Erst nach den Nations-League-Spielen wird man allerdings den Leistungsstand der Mannschaft erahnen können. Die vier Begegnungen, die in wenigen Tagen aufeinanderfolgen, simulieren ein kleines Turnier. Trotzdem ließ sich in Marbella bereits beobachten, dass Hansi Flick in der Innenverteidigung auf Süle und Antonio Rüdiger setzen wird. Dass sich Spieler wie Anton Stach und Karim Adeyemi erst an das hohe Niveau gewöhnen müssen. Dass Flick den schwächelnden Sané versucht, durch Gespräche zu tätscheln. Dass Rückkehrer Joshua Kimmich nach der Aufregung um seinen Impfstatus weiter vorhat, diese Nationalelf zu seiner zu machen.

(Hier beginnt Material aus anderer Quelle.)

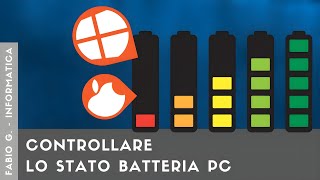 Come controllare lo stato della batteria del PC Windows e macOS [upl. by Oicnevuj982]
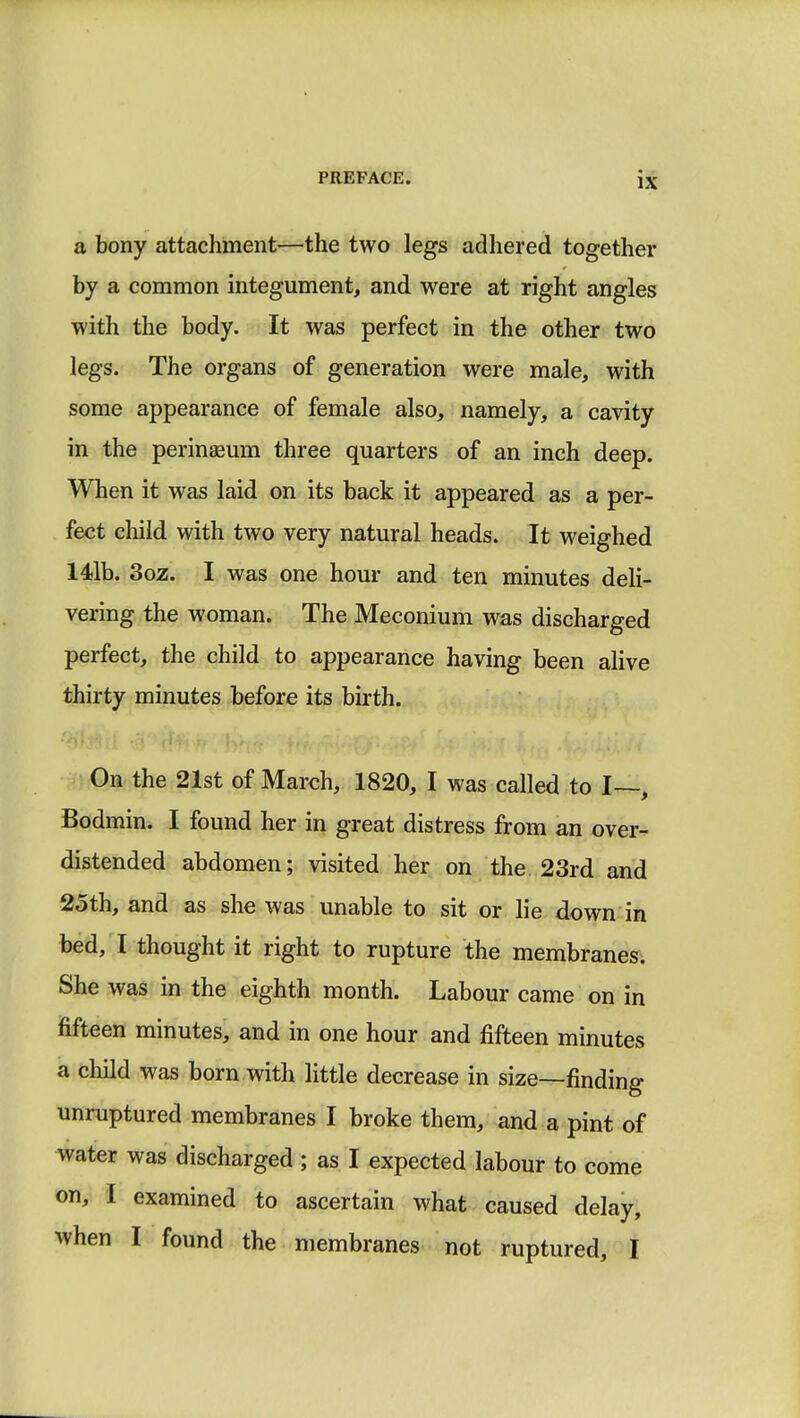 a bony attachment—the two legs adhered together by a common integument, and were at right angles with the body. It was perfect in the other two legs. The organs of generation were male, with some appearance of female also, namely, a cavity in the perinseum three quarters of an inch deep. When it was laid on its back it appeared as a per- fect child with two very natural heads. It weighed 141b. 3oz. I was one hour and ten minutes deli- vering the woman. The Meconium was discharged perfect, the child to appearance having been alive thirty minutes before its birth. On the 21st of March, 1820, I was called to I—, Bodmin. I found her in great distress from an over- distended abdomen; visited her on the 23rd and 25th, and as she was unable to sit or lie down in bed, I thought it right to rupture the membranes. She was in the eighth month. Labour came on in fifteen minutes, and in one hour and fifteen minutes a child was born with little decrease in size—finding unruptured membranes I broke them, and a pint of water was discharged ; as I expected labour to come on, I examined to ascertain what caused delay, when I found the membranes not ruptured, I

Und dass die Überzeugung wächst, in kommenden Winter bei der Weltmeisterschaft in Katar Besonderes erreichen zu können.

Auch interessant

„Wir haben große Ziele dieses Jahr, die WM steht an“, meinte Oliver Bierhoff. Wenn Deutschland bei der Nations League überzeuge, „dann hast du auch im November das Gefühl, wir können absolut etwas reißen“, sagte Thomas Müller. „Wir wollen uns da ein Sieger-Selbstvertrauen aufbauen.“ Die letzten beiden Turniere seien enttäuschend verlaufen. „Daher sind der Hunger und die Vorfreude da, weil wir wieder die Möglichkeit bekommen, uns ins Rampenlicht zu spielen und für eine positive Fußball-Stimmung in Deutschland zu sorgen.“

Nationalmannschaft: Müller und Musiala spielen Golf

Im Gesicht von Thomas Müller zeichnete sich, als er seine Worte formulierte, auf der Stirn ein leichter Streifen ab. Weil der 32-Jährige die freie Zeit, wie das bei ihm so üblich ist, auf dem benachbarten Golfplatz verbracht und dabei eine Kappe getragen hatte. Im Internet tauchte allerdings auch in Video auf, das Jamal Musiala mit einem Golfschläger in den Händen zeigte. Erst trifft er den kleinen Ball nicht, dann verunglückt sein Schlag. Bislang scheint der 19-Jährige keine Erfahrung beim Golfen gesammelt zu haben, doch bei diesem ungewöhnlichen Aufenthalt musste er sich irgendwie die Nachmittage vertreiben.